◆ Source data
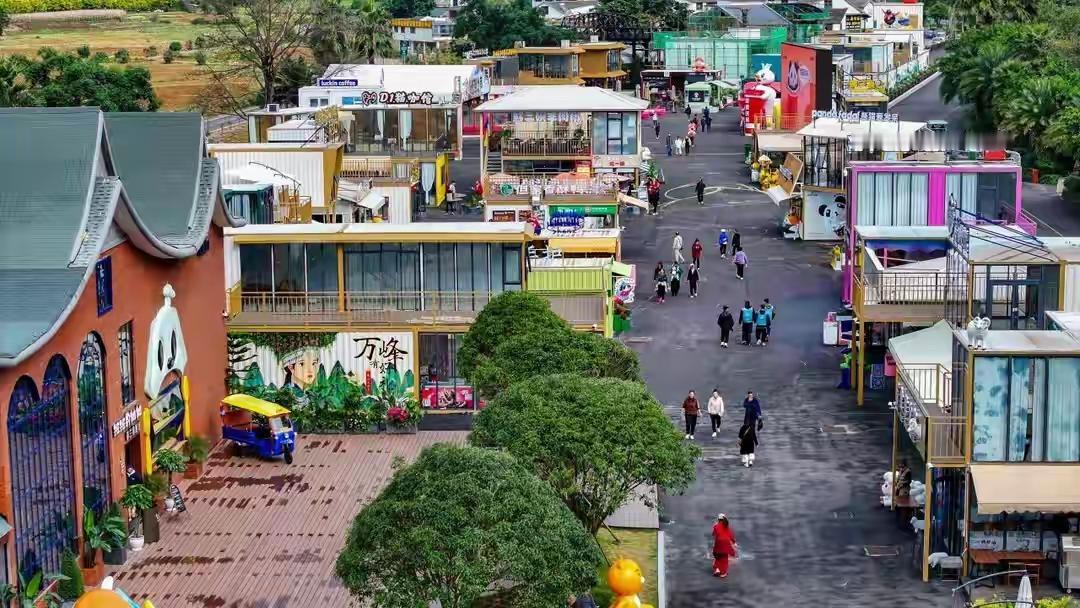 市场是最稀缺的资源，市场资源是我国的巨大优势。

“十五五”规划建议明确提出“超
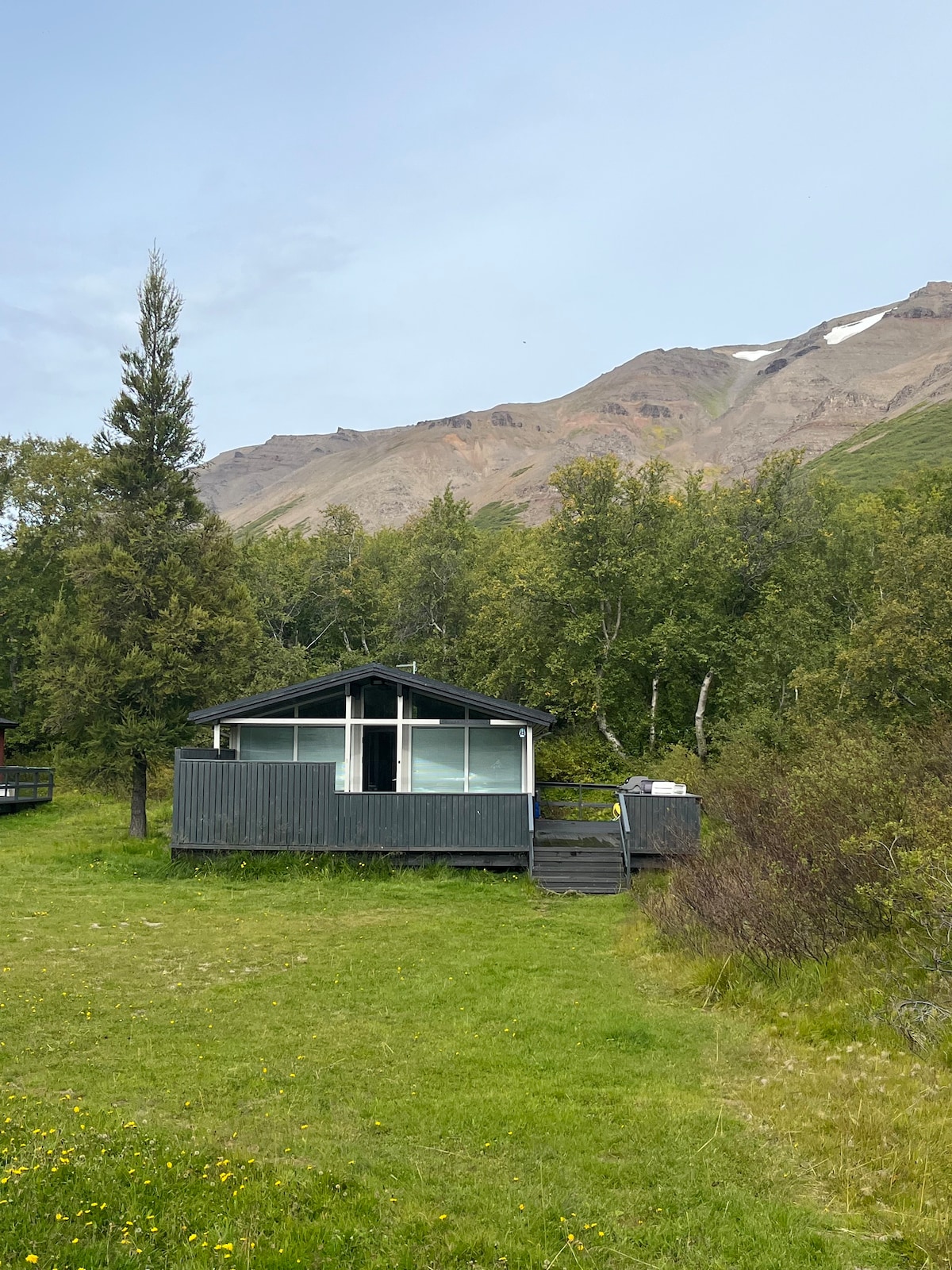 阿克雷里（ Akureyri ）附近的乡村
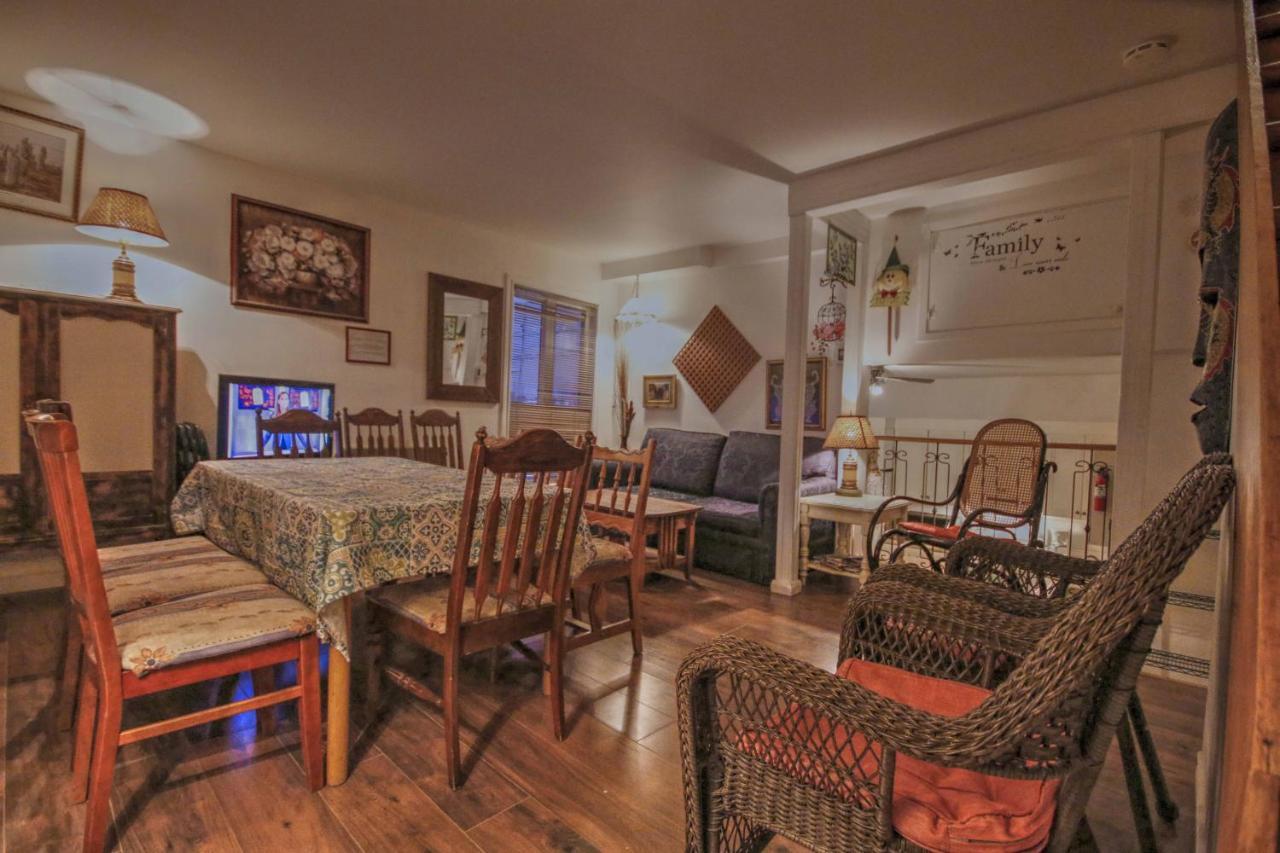 Vieille Maison Rustique Espace Interessant Québec Zewnętrze zdjęcie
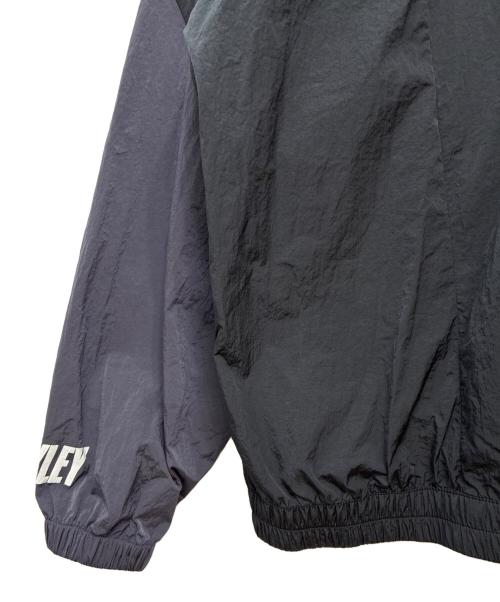OAKLEY（オークリー）OAKLEY (オークリー) ENHANCE UB RIPSTOP WIND JACKET 12.7 グレー×ネイビー サイズ:JPN Lの古着・服飾アイテム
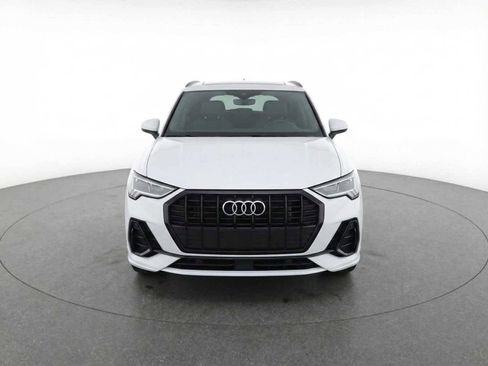 Used 2024 Audi Q3 2.0T Premium image 2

◆ Exercise directions
Extract exactly the lines above from the line containing "Vieille Maison Rustique" through the last one, both ends included, but not the pictures.

◆ Response to the task
 Vieille Maison Rustique Espace Interessant Québec Zewnętrze zdjęcie
OAKLEY（オークリー）OAKLEY (オークリー) ENHANCE UB RIPSTOP WIND JACKET 12.7 グレー×ネイビー サイズ:JPN Lの古着・服飾アイテム
 Used 2024 Audi Q3 2.0T Premium image 2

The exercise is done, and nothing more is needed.